Skip to content

MemWAL Index

The MemTable and Write-Ahead Log (MemWAL) Index is used for fast upserts into the Lance table.

The index is used as the centralized synchronization system for a log-structured merge tree (LSM-tree), leaving the actual implementation of the MemTable and WAL up to the specific implementer of the spec.

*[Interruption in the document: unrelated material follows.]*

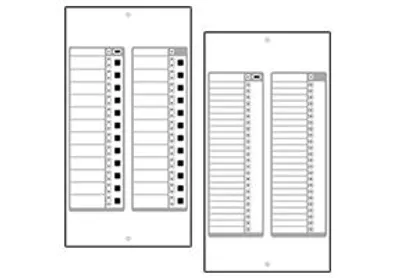 ACM-24AT ONYX Series ACS Annunciators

Each region represents a single writer that writes to both a MemTable and a WAL, and a region can have increasing generations of MemWALs. Every time data is written into a WAL, the index is updated with the latest watermark. If a specific writer of a region dies, a new writer is able to read the information in the specific region and replay the WAL.

Index Details

message MemWalIndexDetails {

  repeated MemWal mem_wal_list = 1;

  message MemWalId {
    // The name of the region that this specific MemWAL is responsible for.
    string region = 1;

    // The generation of the MemWAL.
    // Every time a new MemWAL is created and an old one is sealed,
    // the generation number of the next MemWAL is incremented.
    // At any given point of time for all MemWALs of the same name,
    // there must be only 1 generation that is not sealed.
    uint64 generation = 2;
  }

  // A combination of MemTable and WAL for fast upsert.
  message MemWal {

    enum State {
      // MemWAL is open and accepting new entries
      OPEN = 0;
      // When a MemTable is considered full, the writer should update this MemWAL as sealed
      // and create a new MemWAL to write to atomically.
      SEALED = 1;
      // When a MemTable is sealed, it can be flushed asynchronously to disk.
      // This state indicates the data has been persisted to disk but not yet merged
      // into the source table.
      FLUSHED = 2;
      // When the flushed data has been merged into the source table.
      // After a MemWAL is merged, the cleanup process can delete the WAL.
      MERGED = 3;
    }

    MemWalId id = 1;

    // The MemTable location, which is likely an in-memory address starting with memory://.
    // The actual details of how the MemTable is stored is outside the concern of Lance.
    string mem_table_location = 2;

    // the root location of the WAL.
    // THe WAL storage durability determines the data durability.
    // This location is immutable once set at MemWAL creation time.
    string wal_location = 3;

    // All entries in the WAL, serialized as U64Segment.
    // Each entry in the WAL has a uint64 sequence ID starting from 0.
    // The actual details of how the WAL entry is stored is outside the concern of Lance.
    // In most cases this U64Segment should be a simple range.
    // Every time the writer starts writing, it must always try to atomically write to the last entry ID + 1.
    // If fails due to concurrent writer, it then tries to write to the +2, +3, +4, etc. entry ID until succeed.
    // but if there are 2 writers accidentally writing to the same WAL concurrently,
    // although one writer will fail to update this index at commit time,
    // the WAL entry is already written,
    // causing some holes within the U64Segment range.
    bytes wal_entries = 4;

    // The current state of the MemWAL, indicating its lifecycle phase.
    // States progress: OPEN -> SEALED -> FLUSHED
    // OPEN: MemWAL is accepting new WAL entries
    // SEALED: MemWAL has been sealed and no longer accepts new WAL entries
    // FLUSHED: MemWAL has been flushed to the source Lance table and can be cleaned up
    State state = 5;

    // The owner identifier for this MemWAL, used for compare-and-swap operations.
    // When a writer wants to perform any operation on this MemWAL, it must provide
    // the expected owner_id. This serves as an optimistic lock to prevent concurrent
    // writers from interfering with each other. When a new writer starts replay,
    // it must first atomically update this owner_id to claim ownership.
    // All subsequent operations will fail if the owner_id has changed.
    string owner_id = 6;

    // The dataset version that last updated this MemWAL.
    // This is set to the new dataset version whenever the MemWAL is created or modified.
    uint64 last_updated_dataset_version = 7;
  }

}

Expected Use Pattern

It is expected that:

  1. there is exactly one writer for each region, guaranteed by optimistic update of the owner_id
  2. each writer updates the MemWAL index after a successful write to WAL and MemTable
  3. a new writer always finds unsealed MemWALs and performs replay before accepting new writes
  4. background processes are responsible for merging flushed MemWALs to the main Lance table, and making index up to date.
  5. a MemWAL-aware reader is able to merge results of MemTables in the MemWALs with results in the base Lance table.